A/B Testing & Eye Tracking

A/B Testing & Eye Tracking — UX Research

design2021· UX researcher

A/B Testing & Eye Tracking

Role: UX Researcher · Course: CSCI 1300, Brown University

Team: Miranda Mo, Jennifer He, Milanca Wang

Context

This project was made for CSCI 1300: User Interfaces and User Experiences, a class at Brown University taught by Jeff Huang. Our goal was to research how affordances affect user behavior by analyzing data through A/B testing and eye tracking.

For this project, we created two new and improved versions of a taxi booking site. For Version A, we used a vertical layout. We added grid boxes around each taxi option and a drop shadow to emphasize the different sections. We also used different font sizes for the name of the taxi and the description to add distinction between the different pieces of information. For Version B, we used a horizontal layout that placed all of the taxi options next to each other contained within the whole screen. We also added grid boxes around each taxi to make the content more readable. For both versions, we used the same color palette so that color was not a factor — instead, we focused on how the two different layouts would affect behavioral trends such as click through rate, time to click, dwell time, and return rate.

Part 1: A/B Testing

First, we made a series of hypotheses on how the two versions of our sites would perform based on four metrics (click through rate, time to click, dwell time, and return rate). Then, we tested our hypotheses by having users navigate through one of our two sites and analyzed the data to conclude whether our results are statistically significant, using either a Chi-Squared test or T-test.

Hypotheses

Click Through Rate

Null: The click-through rate of Version A will be equal to that of Version B.

Alternative: The click-through rate of Version A will be greater than that of Version B because the layout of Version A is cleaner and entices the user to select a service offered.

Time to Click

Null: The time to click will be the same in Version A and Version B.

Alternative: The time to click a button on Version A will be shorter than that of Version B because the button on Version A is larger, and there is less content on the initial screen for Version A compared to Version B.

Dwell Time

Null: The dwell time will be the same in Version A and Version B.

Alternative: The dwell time for Version A will be shorter than that of Version B because users of Version B see all taxi companies on the page at once and are more likely to choose to click on a company that they will likely stick with.

Return Rate

Null: The return rate of Version A will be equal to that of Version B.

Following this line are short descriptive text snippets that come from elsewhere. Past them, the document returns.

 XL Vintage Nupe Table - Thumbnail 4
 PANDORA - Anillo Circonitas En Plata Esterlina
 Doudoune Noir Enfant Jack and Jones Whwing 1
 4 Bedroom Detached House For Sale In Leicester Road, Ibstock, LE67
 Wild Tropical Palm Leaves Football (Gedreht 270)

Alternative: The return rate for Version A will be higher than the return rate for Version B because users of Version B see more content on the screen and are more likely to read the information for all of the taxi companies before clicking on the reserve button. On the other hand, users of Version A see less content on the screen and are more likely to click on the reserve button before fully reading information for the other taxi companies, thus causing them to return back to the web page.

Data Analysis

Click Through Rate

We began by creating a pivot table in Excel with count of page load time (how many times page was loaded) and max of click time (0 if they didn't click on any links), tallied those with max click time of 0, and subtracted them from the total number of entries to find the percentage of people who clicked. We chose to use the Chi-squared test for click through rate because this is categorical data (yes or no for each user).

Observed

	Click	No click	Total
A	29	5	34
B	28	10	38
Total	57	15	72

Expected

	Click	No click
A	26.9	7.1
B	30.1	7.9

Interface A: 85.3% · Interface B: 73.7%

χ² = 1.4897, df = 1, p-value reference = 3.84

We did not reject the null hypothesis because our calculated value (1.4898) was less than the reference value (3.84) at p = 0.05 and df = 1. The difference between click-through rates was not statistically significant.

Time to Click

We calculated the average time to click by deleting people with no clicks, subtracting the page load time of a click entry with the click time, then averaging users' results for Version A and B. We chose to use a t-test because we are comparing the average time to click for each interface.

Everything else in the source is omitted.